第38話 《月子》 道中
「……うん。ん。そう、大和がちづ姉が戻ったから、山梨の雛鶴峠に行けって」
電話の向こうの父さんは戸惑いを隠せないのか、荒く息を吐き、何度も「千鶴子が戻った」と呟いている。
まるで自分に言い聞かせているみたい。
そうなるのも、よくわかる。
あたしだって、信じられない。
700年前にタイムスリップしたのに、また戻ってこれるなんて、本当は絶望的だと思っていた。
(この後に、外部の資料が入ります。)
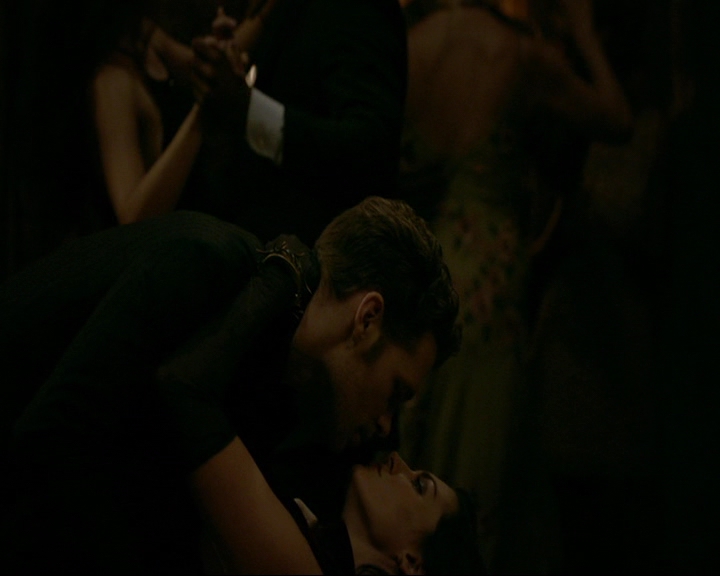 VampireDiaries-dot-nl_TheOriginals4x06BagOfCobras1367.jpg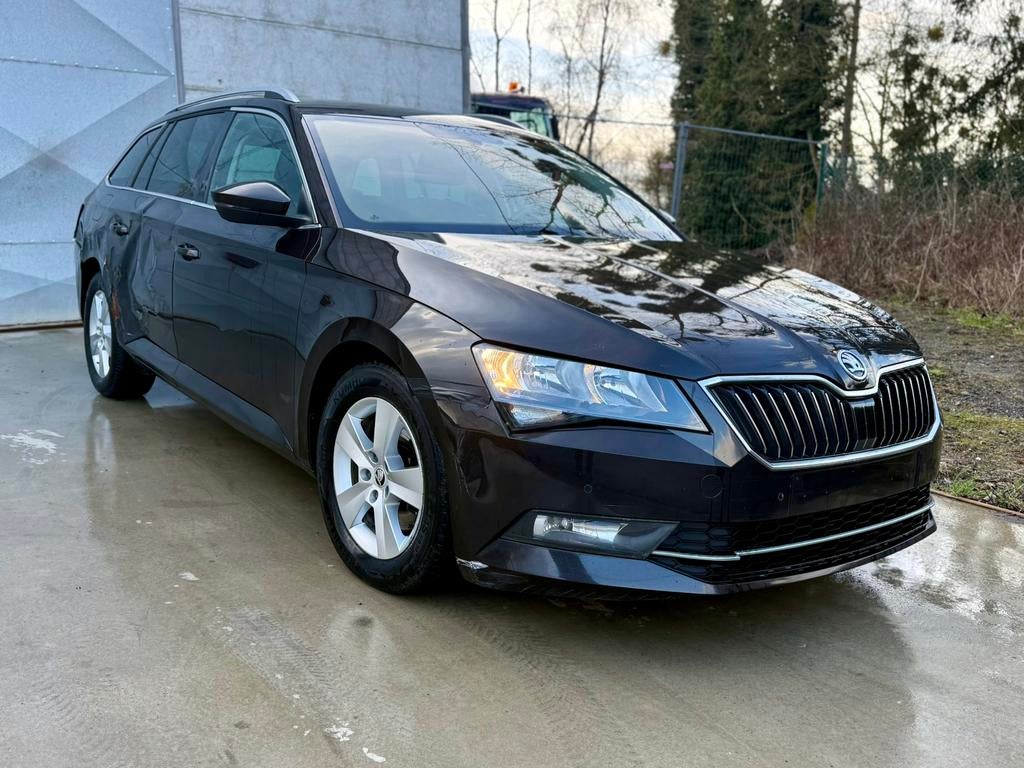 Škoda Superb Combi 1.6 TDI – 2016, Auto's, Automaat, Zwart, Zwart, Bedrijf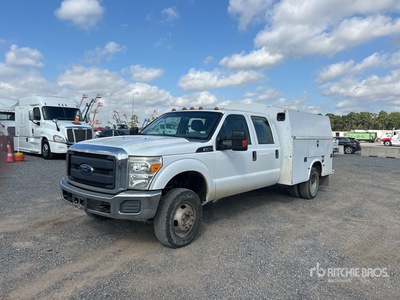 2015 Ford F-350 XL 4x4 Crew Cab Utility Truck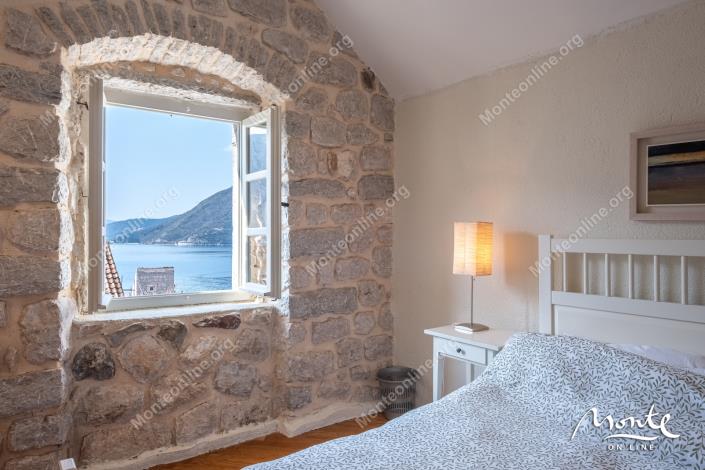 Image No.23-3 Bed House for sale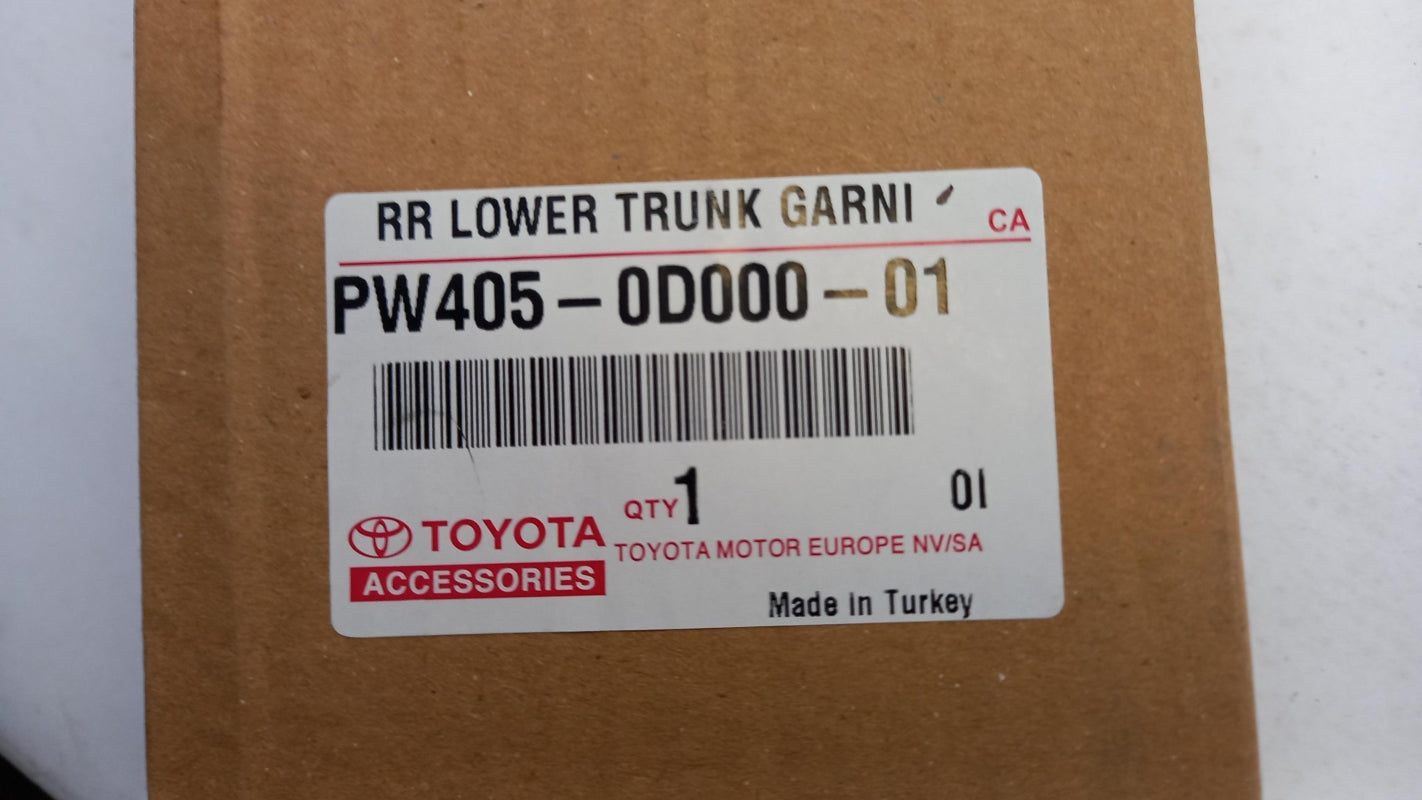 Original TOYOTA Yaris Hybrid Heckklappe Zierleiste chrom unten PW4050D00001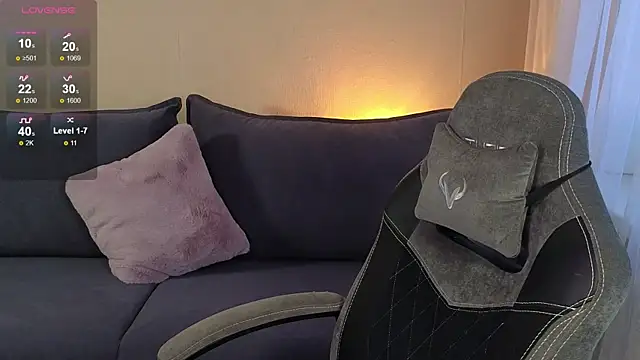 CarolineGuthrie online show from 09.12.25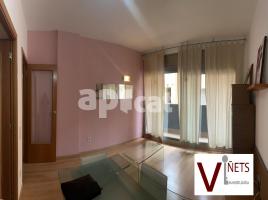 For rent flat, 62.00 m², near bus and train, almost new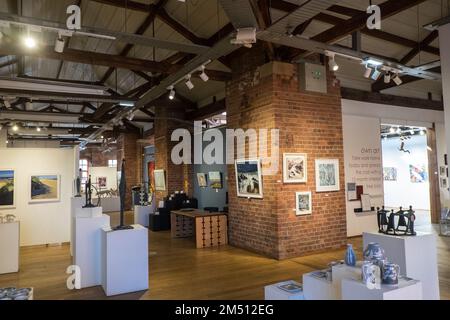 Biscuit Factory,Gebäude,Kunst,Künstler,Galerie,Galerien,Weltraum,Ouseburn,Newcastle upon Tyne,Simply,Newcastle, ist eine, Stadt, und, Metropolregion, In, Tyne und Wear, England. Die Stadt befindet sich am Fluss Tyne, nördliches Ufer, und bildet den größten Teil des bebauten Gebiets von Tyneside. Newcastle ist auch die bevölkerungsreichste Stadt Nordostenglands. Nordosten, England, Englisch, GB, Großbritannien, Großbritannien, Großbritannien, Großbritannien, Großbritannien, Europa, Europa, 2-stöckige Kunst- und Handwerksgalerie in einem großen, ehemaligen Lagerhaus mit freiliegenden Ziegeln und freigelegten Böden Stockfoto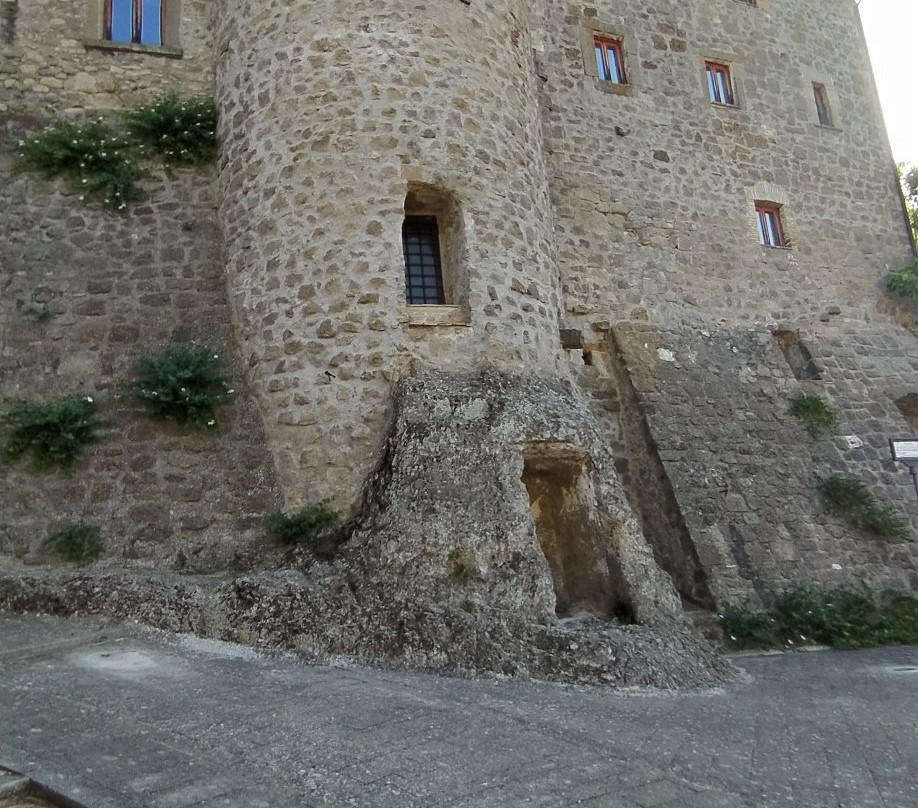 Torre dell'Orologio-Bassano in Teverina必去景点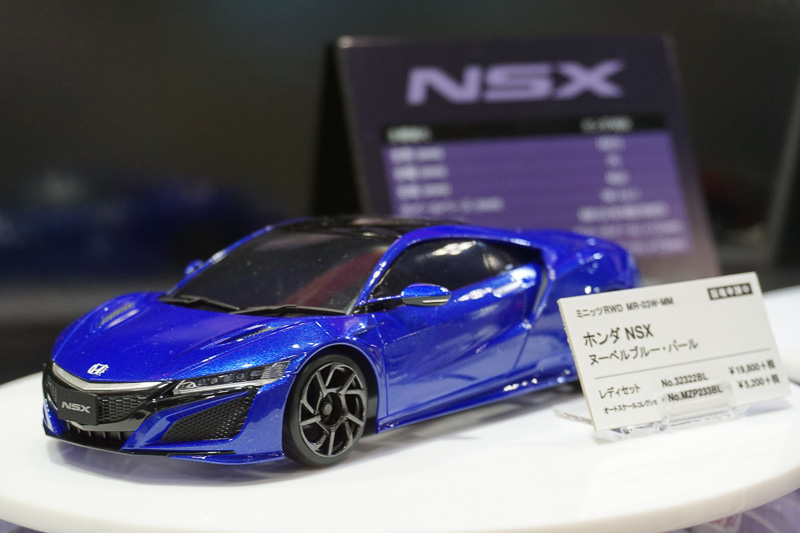 FFや4WDなどの駆動方式も選べる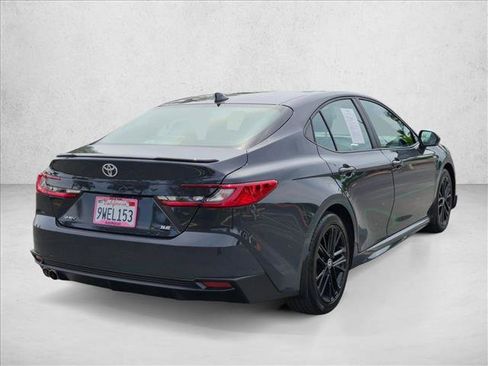 Used 2026 Toyota Camry SE FWD image 5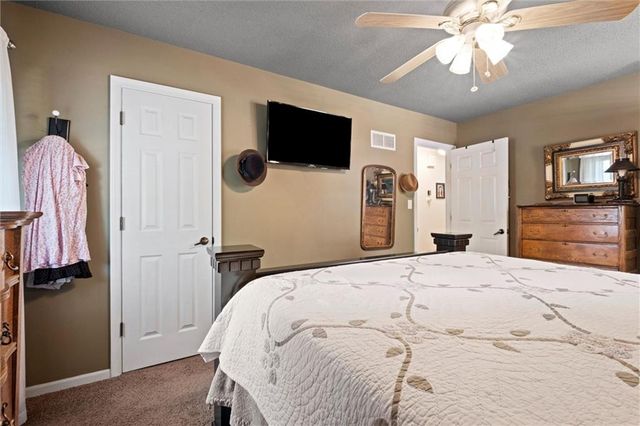 517 NE Johnston Drive, Blue Springs, MO 64014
そんな魔法のような出来事に巻き込まれて、理解するのだけでやっとだったのに、また非科学的なことが起こった。
父さんが戸惑うのも、信じ切れていないものわかる。
それが正常だよ。
「大丈夫、あたしと太一兄ちゃんで行ってくる。もう向かってるよ。また連絡するから」
そう言って、携帯を切る。
高速道路に乗った車は、加速しながら都内から山梨に向かっていた。
「やっぱり父さん、授業だから急には休めないみたい」
「だよな。突然のことだししょうがないよ。とりあえず俺たちで千鶴子を迎えに行こう」
「うん」
正直父さんを待っている時間なんてない。
一刻も早く、山梨に行きたい。
それはあたしも太一兄ちゃんも同じ。
その証拠にどんどん車のスピードが上がっていく。
「鏡、か……」
太一兄ちゃんがぼそりと呟く。
「うん……。今回は、鏡が媒介になったのかな。鏡に大和の姿が写って話せた」
「不思議だな」
本当に不思議すぎる。
あたしも大和の持つ鏡に映っていたのかな?
ううん、大和もあいつも、あたしを覗き込むようにして見ていた。
最後の瞬間、大和はこちらに向かって手を振り下ろすような仕草をした。
それを考えると、水とか?
湖とか、――そう、水たまり、とか?
そんなことを考えていると、最後の瞬間がまた鮮明によみがえってきて、胸が痛む。
「……大和はもう二度と帰らないって」
さっきのやりとりを思い出して、悲しくなる。
濁流のように湧き上がる切なさが、心を食い荒らしていく。
「――そうか。何となく、そう言うだろうと思ってた」
「あたしも……」
大和がそういう結論を出すこと、わかっていた。
あたしと大和は双子だから。
あたしたちは二人で一人だから、そういうこと、よくわかる。
「大和の話は、またあとにしよう。とりあえず、今は千鶴子だな」
「うん」
きっとこの時代に戻ってる。
大和が嘘を言うはずがない。
きっとまたあの人が、ちづ姉をここに導いたのだろう。
あたしと太一兄ちゃんはそれ以上何も言わずに黙り込む。
一度も行ったことのない雛鶴峠を目指して、車を走らせて行った。